Excerpts from a dataset:
+---+
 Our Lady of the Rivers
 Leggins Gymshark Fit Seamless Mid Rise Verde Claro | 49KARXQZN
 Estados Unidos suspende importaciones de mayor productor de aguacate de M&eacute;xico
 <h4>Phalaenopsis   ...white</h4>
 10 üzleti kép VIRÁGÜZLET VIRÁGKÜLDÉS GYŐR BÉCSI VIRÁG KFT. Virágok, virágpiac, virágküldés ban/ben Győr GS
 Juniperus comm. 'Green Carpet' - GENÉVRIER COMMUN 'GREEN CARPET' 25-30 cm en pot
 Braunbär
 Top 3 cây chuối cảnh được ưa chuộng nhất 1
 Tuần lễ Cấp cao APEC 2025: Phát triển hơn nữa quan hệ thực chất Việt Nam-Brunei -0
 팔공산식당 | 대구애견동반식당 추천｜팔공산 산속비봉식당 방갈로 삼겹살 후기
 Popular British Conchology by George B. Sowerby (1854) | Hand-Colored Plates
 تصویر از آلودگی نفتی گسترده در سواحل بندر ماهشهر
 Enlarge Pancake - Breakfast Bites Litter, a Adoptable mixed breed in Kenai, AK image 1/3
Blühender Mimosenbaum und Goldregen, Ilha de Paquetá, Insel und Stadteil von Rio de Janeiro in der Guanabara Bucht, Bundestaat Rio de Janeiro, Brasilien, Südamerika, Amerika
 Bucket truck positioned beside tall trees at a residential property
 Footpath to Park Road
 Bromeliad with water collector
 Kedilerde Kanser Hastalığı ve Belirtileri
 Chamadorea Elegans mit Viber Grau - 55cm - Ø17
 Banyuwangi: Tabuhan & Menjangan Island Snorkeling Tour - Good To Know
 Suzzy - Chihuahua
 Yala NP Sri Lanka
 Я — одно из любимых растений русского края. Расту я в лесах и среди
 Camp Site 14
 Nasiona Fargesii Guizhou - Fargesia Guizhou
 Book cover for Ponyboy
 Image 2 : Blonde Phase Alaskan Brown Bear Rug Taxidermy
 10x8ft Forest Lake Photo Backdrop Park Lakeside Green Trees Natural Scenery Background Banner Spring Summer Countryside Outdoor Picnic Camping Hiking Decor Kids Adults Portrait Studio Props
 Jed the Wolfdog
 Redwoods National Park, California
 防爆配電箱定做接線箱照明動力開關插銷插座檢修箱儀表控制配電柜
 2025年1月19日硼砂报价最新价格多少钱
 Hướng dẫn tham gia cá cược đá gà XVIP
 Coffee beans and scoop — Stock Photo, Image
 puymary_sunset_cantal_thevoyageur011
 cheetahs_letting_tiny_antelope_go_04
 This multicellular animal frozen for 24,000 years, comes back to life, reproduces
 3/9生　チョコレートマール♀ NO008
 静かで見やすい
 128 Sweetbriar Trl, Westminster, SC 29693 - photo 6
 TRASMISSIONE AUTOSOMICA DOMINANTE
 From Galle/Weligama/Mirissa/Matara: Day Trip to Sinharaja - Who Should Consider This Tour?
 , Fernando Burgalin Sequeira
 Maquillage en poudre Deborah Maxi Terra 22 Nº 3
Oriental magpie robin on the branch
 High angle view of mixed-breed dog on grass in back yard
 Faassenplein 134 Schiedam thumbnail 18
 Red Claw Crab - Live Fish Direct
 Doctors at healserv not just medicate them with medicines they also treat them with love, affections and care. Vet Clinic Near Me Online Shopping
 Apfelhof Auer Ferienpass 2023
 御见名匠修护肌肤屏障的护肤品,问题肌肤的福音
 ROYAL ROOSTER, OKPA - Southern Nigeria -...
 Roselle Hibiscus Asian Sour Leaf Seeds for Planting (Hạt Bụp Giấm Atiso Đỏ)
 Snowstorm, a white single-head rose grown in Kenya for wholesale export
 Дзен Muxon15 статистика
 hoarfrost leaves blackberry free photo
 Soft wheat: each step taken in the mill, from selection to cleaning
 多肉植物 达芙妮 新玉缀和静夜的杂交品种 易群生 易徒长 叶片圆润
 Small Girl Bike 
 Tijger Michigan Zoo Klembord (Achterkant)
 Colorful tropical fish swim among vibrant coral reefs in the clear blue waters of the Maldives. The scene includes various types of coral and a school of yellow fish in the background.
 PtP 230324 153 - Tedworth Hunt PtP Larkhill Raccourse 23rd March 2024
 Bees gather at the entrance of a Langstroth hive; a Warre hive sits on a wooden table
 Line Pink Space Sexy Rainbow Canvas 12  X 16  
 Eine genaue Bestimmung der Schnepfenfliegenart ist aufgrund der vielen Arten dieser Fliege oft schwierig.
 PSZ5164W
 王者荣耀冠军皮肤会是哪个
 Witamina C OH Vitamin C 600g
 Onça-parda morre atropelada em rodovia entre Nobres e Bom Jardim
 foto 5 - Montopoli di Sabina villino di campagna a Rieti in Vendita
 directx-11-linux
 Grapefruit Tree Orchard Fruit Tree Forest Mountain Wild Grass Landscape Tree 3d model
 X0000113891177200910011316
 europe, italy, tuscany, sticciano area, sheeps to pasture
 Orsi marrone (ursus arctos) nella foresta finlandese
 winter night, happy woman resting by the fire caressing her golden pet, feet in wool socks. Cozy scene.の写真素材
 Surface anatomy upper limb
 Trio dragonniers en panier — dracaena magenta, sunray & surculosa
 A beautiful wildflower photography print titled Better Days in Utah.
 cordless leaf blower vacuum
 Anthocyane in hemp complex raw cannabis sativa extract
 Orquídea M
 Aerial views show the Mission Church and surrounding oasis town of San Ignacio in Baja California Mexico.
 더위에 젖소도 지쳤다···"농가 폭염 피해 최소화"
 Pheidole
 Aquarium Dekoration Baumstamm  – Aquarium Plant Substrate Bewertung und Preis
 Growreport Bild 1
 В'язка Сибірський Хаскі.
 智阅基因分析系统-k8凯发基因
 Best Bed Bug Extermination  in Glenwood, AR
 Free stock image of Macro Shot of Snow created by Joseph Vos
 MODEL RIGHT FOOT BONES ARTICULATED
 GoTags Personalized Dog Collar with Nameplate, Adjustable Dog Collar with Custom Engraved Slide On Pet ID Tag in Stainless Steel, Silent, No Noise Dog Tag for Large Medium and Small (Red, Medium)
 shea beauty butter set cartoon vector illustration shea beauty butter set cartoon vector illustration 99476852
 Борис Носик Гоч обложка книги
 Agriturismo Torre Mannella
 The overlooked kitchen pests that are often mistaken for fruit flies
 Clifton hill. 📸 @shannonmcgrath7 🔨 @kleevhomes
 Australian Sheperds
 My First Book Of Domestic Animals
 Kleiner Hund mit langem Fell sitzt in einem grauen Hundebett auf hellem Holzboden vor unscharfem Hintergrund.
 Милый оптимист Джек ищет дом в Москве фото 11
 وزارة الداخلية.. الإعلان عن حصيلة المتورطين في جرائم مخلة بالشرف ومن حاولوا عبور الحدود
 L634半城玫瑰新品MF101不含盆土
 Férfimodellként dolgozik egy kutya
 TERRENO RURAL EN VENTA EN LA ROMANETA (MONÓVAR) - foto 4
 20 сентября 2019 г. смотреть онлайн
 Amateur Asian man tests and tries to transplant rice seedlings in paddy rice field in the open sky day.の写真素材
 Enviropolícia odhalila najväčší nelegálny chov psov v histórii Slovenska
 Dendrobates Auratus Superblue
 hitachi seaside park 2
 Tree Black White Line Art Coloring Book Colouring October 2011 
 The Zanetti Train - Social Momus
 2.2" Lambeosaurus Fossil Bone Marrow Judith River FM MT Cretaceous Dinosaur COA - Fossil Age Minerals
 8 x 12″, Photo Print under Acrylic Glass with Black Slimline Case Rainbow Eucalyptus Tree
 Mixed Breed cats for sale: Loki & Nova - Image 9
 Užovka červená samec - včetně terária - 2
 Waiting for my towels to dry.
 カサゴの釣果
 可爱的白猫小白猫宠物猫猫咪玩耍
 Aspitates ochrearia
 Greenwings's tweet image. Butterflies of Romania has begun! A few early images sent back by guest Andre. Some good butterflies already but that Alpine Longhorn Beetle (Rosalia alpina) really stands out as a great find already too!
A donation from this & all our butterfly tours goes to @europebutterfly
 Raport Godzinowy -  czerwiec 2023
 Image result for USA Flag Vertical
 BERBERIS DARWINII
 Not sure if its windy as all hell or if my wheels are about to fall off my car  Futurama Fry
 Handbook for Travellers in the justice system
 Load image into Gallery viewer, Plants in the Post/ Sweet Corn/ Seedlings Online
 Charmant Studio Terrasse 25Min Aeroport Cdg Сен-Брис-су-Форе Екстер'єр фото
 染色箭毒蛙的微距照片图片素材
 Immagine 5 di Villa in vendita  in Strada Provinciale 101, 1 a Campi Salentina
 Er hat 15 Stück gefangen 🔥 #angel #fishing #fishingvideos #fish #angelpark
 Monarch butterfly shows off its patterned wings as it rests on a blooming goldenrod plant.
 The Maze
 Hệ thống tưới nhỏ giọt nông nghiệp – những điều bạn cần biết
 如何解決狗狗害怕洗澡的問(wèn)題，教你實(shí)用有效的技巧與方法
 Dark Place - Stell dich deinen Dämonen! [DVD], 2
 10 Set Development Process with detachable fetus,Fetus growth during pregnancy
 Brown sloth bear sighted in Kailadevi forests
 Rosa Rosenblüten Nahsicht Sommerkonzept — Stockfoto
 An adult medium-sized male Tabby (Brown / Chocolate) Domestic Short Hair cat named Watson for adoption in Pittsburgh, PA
+---+
PROBLEM DETAILS - Could you set down, word for word, only the lines above from the line with "Redwoods National Park, California" to the line with "Roselle Hibiscus Asian", including both?

SOLUTION FOR THIS EXERCISE -
 Redwoods National Park, California
 防爆配電箱定做接線箱照明動力開關插銷插座檢修箱儀表控制配電柜
 2025年1月19日硼砂报价最新价格多少钱
 Hướng dẫn tham gia cá cược đá gà XVIP
 Coffee beans and scoop — Stock Photo, Image
 puymary_sunset_cantal_thevoyageur011
 cheetahs_letting_tiny_antelope_go_04
 This multicellular animal frozen for 24,000 years, comes back to life, reproduces
 3/9生　チョコレートマール♀ NO008
 静かで見やすい
 128 Sweetbriar Trl, Westminster, SC 29693 - photo 6
 TRASMISSIONE AUTOSOMICA DOMINANTE
 From Galle/Weligama/Mirissa/Matara: Day Trip to Sinharaja - Who Should Consider This Tour?
 , Fernando Burgalin Sequeira
 Maquillage en poudre Deborah Maxi Terra 22 Nº 3
Oriental magpie robin on the branch
 High angle view of mixed-breed dog on grass in back yard
 Faassenplein 134 Schiedam thumbnail 18
 Red Claw Crab - Live Fish Direct
 Doctors at healserv not just medicate them with medicines they also treat them with love, affections and care. Vet Clinic Near Me Online Shopping
 Apfelhof Auer Ferienpass 2023
 御见名匠修护肌肤屏障的护肤品,问题肌肤的福音
 ROYAL ROOSTER, OKPA - Southern Nigeria -...
 Roselle Hibiscus Asian Sour Leaf Seeds for Planting (Hạt Bụp Giấm Atiso Đỏ)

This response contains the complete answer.